The problem:
All of the data, word for word and free of pictures, is the expected result.

Collected data:
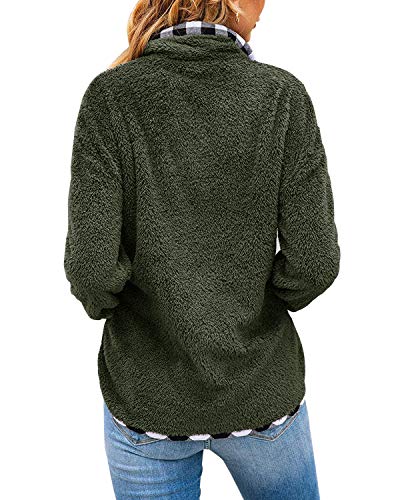 Yanekop Womens Fuzzy Fleece Pullover Plaid Print Sherpa Sweatshirt Button Collar Top With Pockets(Army Green,2Xl) #TOP1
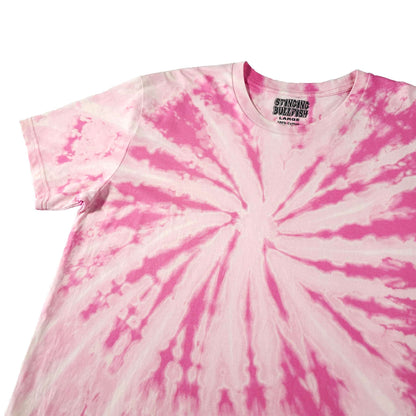 Pink spiral bleach dye T-shirt, short sleeves, crew neck, centered spiral tie-dye design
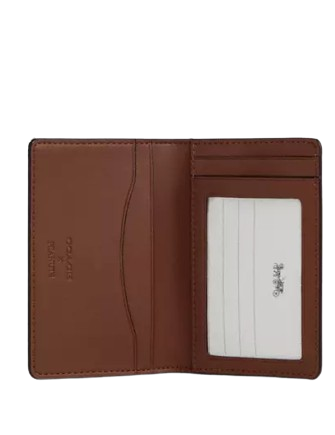 Coach X Peanuts Id Card Wallet In Signature Canvas With Snoopy Print Tan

Written reply:
 Yanekop Womens Fuzzy Fleece Pullover Plaid Print Sherpa Sweatshirt Button Collar Top With Pockets(Army Green,2Xl) #TOP1
 Pink spiral bleach dye T-shirt, short sleeves, crew neck, centered spiral tie-dye design
 Coach X Peanuts Id Card Wallet In Signature Canvas With Snoopy Print Tan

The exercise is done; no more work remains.